_Task brief_
Your task is to copy the listing exactly, with the pictures left out.

_Provided data_
== Segment start ==
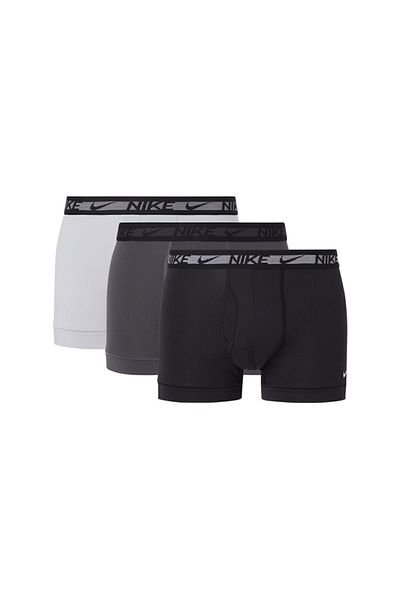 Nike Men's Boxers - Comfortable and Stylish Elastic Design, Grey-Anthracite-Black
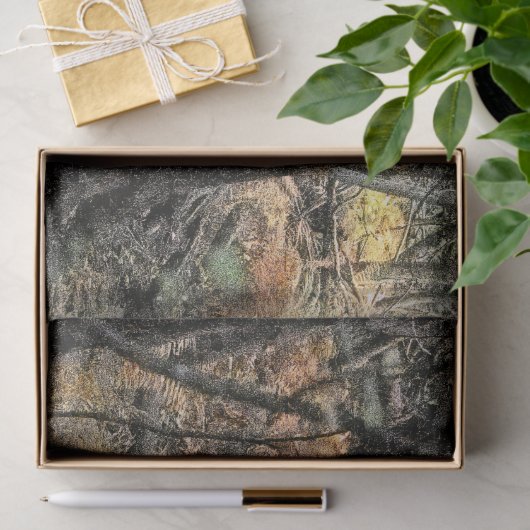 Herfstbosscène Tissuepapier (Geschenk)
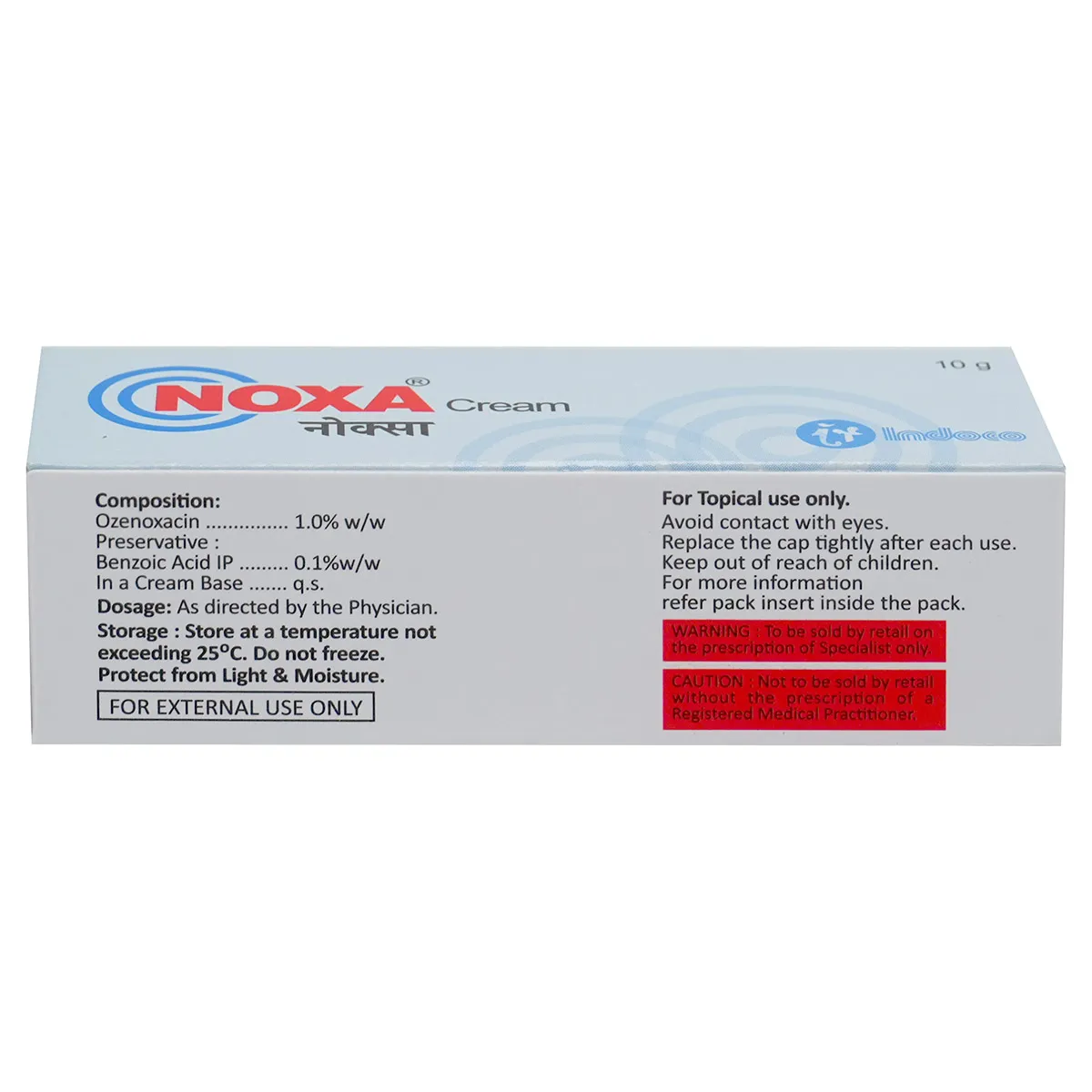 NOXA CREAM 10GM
== Segment end ==
_Answer space_
 Nike Men's Boxers - Comfortable and Stylish Elastic Design, Grey-Anthracite-Black
 Herfstbosscène Tissuepapier (Geschenk)
 NOXA CREAM 10GM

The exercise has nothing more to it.